▸ **What you need to do**
Look below for the lines from the one with "of Pet Insects | Insects That ..." to the one with "0 Elm Street", and copy exactly those lines, both ends included.

▸ **Source data**

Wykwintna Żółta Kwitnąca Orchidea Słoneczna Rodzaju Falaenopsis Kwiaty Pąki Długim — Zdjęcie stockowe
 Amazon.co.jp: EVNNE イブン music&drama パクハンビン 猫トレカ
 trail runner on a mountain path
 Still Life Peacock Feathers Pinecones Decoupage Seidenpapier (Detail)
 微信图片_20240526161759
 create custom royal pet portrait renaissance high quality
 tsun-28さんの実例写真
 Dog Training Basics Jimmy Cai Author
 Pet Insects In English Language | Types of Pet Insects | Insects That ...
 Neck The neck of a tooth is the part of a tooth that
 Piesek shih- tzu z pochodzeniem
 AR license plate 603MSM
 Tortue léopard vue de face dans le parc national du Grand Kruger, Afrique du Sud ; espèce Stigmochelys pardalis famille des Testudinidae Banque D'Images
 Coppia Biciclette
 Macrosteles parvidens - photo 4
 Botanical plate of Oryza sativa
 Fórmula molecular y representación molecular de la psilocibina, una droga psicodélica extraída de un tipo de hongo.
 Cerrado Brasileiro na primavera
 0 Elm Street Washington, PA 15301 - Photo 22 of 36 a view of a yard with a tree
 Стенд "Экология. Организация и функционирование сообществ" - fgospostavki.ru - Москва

▸ **Reply**
 Pet Insects In English Language | Types of Pet Insects | Insects That ...
 Neck The neck of a tooth is the part of a tooth that
 Piesek shih- tzu z pochodzeniem
 AR license plate 603MSM
 Tortue léopard vue de face dans le parc national du Grand Kruger, Afrique du Sud ; espèce Stigmochelys pardalis famille des Testudinidae Banque D'Images
 Coppia Biciclette
 Macrosteles parvidens - photo 4
 Botanical plate of Oryza sativa
 Fórmula molecular y representación molecular de la psilocibina, una droga psicodélica extraída de un tipo de hongo.
 Cerrado Brasileiro na primavera
 0 Elm Street Washington, PA 15301 - Photo 22 of 36 a view of a yard with a tree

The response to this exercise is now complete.